If you revisit the VAN Proposal, you will see that providing a means for
potential content creators to learn VRML and then move directly into using
the components in the VAN repositories is built in. However, it needs work,
real work in the writing and in the programming. I will certainly do what I
can.

Since the need of the Consortium right now is to get an operational
implementation of the VAN in place, I want to see to it that the ultimate
creation of the tools to make content creation EASIER goes on while that
simpler implementation is executed. Simpler in this case means simpler in
terms of programming and use by the computer literate, not for use by our
most important target audience. This needs to be understood so that we
don't end up "grandfathering" methodology that will be awkward and clumsy
to carry into the future.

What this preamble means is that the ultimate, "high-level front end" of
the PROTO Repository, and the other repositories of the VAN, has to be
easily searchable, where easily means easily useable by non-experts. One of
the most daunting elements of computer use by non-experts is the avalanche
of acronyms currently in use, so that is one of the first things we need to
avoid. Right after acronyms is jargon. What this means is that our VAN
needs to be searchable in plain language.

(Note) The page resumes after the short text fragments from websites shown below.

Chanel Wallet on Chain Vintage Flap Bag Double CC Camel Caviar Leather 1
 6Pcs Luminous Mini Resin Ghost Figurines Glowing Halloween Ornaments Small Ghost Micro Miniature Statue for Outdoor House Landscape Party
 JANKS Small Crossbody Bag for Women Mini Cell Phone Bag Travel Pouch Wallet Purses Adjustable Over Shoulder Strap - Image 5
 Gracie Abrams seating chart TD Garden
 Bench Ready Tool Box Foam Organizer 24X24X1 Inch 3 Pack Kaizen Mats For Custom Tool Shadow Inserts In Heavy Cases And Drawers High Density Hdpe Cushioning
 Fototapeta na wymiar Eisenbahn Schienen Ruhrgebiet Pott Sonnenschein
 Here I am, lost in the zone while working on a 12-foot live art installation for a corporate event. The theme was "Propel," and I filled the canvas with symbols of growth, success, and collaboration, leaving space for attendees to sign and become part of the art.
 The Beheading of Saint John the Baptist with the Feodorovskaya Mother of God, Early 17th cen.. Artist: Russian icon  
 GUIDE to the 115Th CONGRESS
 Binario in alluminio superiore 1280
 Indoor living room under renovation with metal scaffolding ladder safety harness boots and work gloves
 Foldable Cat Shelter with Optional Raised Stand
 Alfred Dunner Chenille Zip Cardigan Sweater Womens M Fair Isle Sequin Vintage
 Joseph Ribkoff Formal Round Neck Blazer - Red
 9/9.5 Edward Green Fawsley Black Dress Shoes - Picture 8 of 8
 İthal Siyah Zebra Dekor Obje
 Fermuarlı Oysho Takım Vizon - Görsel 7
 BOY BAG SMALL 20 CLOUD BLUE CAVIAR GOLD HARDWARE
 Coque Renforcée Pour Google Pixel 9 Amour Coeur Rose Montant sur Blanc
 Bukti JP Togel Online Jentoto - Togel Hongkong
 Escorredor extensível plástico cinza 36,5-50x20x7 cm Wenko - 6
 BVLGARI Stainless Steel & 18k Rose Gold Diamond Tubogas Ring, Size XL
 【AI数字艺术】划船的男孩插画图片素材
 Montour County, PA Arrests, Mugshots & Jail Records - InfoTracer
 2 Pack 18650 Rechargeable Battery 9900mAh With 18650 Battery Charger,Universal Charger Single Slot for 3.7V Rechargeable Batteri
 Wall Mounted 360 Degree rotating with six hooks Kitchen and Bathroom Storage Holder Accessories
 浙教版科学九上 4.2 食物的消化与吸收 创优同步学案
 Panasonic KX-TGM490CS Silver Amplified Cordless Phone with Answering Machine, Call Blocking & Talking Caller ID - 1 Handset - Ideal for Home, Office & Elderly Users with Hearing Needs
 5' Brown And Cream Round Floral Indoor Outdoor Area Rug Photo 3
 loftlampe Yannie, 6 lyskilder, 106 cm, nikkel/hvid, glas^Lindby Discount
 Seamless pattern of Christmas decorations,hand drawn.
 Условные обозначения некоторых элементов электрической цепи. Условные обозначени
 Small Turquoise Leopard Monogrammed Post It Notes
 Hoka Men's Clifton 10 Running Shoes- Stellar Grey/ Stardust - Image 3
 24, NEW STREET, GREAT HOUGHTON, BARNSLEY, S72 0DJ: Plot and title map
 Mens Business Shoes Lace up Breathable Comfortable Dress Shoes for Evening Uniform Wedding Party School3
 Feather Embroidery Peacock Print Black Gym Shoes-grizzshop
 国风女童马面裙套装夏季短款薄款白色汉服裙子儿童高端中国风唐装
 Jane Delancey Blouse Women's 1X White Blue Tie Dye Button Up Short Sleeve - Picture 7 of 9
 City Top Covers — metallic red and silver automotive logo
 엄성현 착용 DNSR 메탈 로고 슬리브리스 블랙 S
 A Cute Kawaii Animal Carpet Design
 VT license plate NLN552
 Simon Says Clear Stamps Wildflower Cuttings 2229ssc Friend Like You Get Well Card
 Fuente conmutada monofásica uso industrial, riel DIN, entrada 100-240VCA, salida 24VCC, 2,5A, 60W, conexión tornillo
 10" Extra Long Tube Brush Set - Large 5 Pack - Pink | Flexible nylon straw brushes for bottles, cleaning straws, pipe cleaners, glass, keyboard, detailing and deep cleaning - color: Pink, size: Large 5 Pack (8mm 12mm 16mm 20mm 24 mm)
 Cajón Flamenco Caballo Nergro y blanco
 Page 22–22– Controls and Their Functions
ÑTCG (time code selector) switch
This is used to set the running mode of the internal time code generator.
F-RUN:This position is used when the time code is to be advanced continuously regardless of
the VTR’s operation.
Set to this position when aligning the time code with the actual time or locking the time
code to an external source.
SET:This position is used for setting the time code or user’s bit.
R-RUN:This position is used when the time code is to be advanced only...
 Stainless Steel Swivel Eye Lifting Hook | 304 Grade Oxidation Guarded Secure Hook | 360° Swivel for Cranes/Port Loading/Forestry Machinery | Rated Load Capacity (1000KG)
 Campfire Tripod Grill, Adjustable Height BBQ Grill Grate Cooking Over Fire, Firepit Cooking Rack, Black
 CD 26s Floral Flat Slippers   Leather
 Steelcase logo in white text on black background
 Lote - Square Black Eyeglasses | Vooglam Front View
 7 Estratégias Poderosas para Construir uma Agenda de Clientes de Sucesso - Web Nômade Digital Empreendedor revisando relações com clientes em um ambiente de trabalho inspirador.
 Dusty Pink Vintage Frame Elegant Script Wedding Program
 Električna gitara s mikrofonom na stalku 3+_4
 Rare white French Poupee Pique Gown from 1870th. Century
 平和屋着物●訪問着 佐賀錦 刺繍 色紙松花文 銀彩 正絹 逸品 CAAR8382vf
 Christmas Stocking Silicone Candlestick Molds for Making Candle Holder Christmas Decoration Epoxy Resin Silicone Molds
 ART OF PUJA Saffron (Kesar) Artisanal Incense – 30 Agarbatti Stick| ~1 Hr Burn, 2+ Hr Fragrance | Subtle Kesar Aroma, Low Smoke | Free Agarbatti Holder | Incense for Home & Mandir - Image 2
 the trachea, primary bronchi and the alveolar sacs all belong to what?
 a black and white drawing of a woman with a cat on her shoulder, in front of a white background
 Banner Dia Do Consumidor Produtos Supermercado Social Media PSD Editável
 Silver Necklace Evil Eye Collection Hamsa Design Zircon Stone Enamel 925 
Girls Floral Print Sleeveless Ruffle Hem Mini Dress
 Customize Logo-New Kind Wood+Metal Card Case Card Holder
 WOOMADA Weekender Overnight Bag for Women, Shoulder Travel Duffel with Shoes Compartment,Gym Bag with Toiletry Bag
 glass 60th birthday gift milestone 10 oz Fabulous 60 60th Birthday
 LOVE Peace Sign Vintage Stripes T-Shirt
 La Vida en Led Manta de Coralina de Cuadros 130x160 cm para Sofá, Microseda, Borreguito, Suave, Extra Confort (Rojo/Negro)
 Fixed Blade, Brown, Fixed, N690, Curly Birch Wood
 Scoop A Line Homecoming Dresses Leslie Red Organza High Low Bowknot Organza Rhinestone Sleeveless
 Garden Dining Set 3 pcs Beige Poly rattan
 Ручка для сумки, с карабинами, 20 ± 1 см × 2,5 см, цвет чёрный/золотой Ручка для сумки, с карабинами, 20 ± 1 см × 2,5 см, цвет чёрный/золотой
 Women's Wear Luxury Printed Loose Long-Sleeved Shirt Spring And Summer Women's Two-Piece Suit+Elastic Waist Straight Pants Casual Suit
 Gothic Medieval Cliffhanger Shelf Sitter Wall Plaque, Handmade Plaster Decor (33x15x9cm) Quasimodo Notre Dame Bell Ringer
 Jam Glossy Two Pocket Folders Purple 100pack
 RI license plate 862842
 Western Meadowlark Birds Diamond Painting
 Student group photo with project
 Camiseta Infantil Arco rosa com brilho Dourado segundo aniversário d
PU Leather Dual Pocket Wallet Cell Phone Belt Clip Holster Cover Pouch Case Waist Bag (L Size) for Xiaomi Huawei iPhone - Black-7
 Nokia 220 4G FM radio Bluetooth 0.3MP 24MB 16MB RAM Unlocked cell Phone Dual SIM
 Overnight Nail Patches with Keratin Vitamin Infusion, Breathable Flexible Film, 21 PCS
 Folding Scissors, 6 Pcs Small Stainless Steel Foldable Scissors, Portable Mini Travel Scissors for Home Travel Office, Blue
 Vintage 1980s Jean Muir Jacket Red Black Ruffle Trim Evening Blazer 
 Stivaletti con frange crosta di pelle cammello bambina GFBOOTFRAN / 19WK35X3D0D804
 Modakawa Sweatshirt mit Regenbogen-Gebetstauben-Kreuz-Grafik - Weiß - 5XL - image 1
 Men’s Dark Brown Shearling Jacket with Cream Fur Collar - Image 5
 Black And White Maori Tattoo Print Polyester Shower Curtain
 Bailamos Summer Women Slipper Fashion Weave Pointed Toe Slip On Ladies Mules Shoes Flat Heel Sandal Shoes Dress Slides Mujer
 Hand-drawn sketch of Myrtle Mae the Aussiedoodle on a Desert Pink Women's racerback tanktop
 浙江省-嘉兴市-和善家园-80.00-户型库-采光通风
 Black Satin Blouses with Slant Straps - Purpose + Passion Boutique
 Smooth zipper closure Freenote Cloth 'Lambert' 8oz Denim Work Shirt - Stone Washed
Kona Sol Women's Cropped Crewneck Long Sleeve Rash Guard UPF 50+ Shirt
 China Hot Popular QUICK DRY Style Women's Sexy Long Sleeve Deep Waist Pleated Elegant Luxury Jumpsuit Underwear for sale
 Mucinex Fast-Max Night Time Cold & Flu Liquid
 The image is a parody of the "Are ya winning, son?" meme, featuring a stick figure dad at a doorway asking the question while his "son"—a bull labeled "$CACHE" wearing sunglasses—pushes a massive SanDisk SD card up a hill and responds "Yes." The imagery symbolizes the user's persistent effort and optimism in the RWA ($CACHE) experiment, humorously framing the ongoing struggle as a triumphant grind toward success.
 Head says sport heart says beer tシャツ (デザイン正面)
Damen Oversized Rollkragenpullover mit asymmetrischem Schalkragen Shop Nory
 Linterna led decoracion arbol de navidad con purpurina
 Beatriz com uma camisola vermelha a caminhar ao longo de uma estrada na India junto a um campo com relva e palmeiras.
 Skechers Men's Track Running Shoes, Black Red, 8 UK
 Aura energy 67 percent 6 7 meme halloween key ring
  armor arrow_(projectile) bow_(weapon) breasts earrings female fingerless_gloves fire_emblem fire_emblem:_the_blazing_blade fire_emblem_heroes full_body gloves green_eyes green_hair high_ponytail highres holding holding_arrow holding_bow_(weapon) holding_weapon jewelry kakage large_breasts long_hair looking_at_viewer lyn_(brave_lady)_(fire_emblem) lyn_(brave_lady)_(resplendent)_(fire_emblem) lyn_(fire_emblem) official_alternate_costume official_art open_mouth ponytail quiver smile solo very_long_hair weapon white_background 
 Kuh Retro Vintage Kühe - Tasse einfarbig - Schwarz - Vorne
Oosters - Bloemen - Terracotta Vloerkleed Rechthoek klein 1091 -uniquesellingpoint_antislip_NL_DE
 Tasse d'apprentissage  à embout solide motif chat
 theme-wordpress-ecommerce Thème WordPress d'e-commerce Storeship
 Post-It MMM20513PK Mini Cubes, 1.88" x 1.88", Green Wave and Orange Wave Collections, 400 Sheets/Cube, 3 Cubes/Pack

Unfortunately, plain language has almost nothing to do with database
design. So we have to take the database technology as we find it, and try
to make it work for our use, AND into the future of both our use and
database technology development. This need to have our database be
supported into the future is the primary reason why we decided we wanted a
Proprietary Database Solution specifically purchased or donated with the
future support written in. We chose Oracle at our face to face meeting at
SIGGRAPH98 in late July, and I specified Oracle 8i, with a Silver Support
Plan when asked for the specification by Platinum in Late October, at which
time it was scheduled for Release November 4, 1998.

So, that's where things stood when I resigned. In the week since, I have
thought about this quite a bit. Michael Wagner has suggested that this
would make a good Master's Thesis, and it might very well. I will certainly
be happy to pass my thoughts on to the academic folks he has suggested, and
to work with them, if that is appropriate for them, but I think this needs
to be pursued by the content group for the original purpose it was
conceived.

It does not need to be a top priority for showing in February at VRML99.
Parallel development cannot help but benefit us all, especially if we are
all working with "real" multimedia elements in a "real" operational
context--not just in an academic "modelled" context.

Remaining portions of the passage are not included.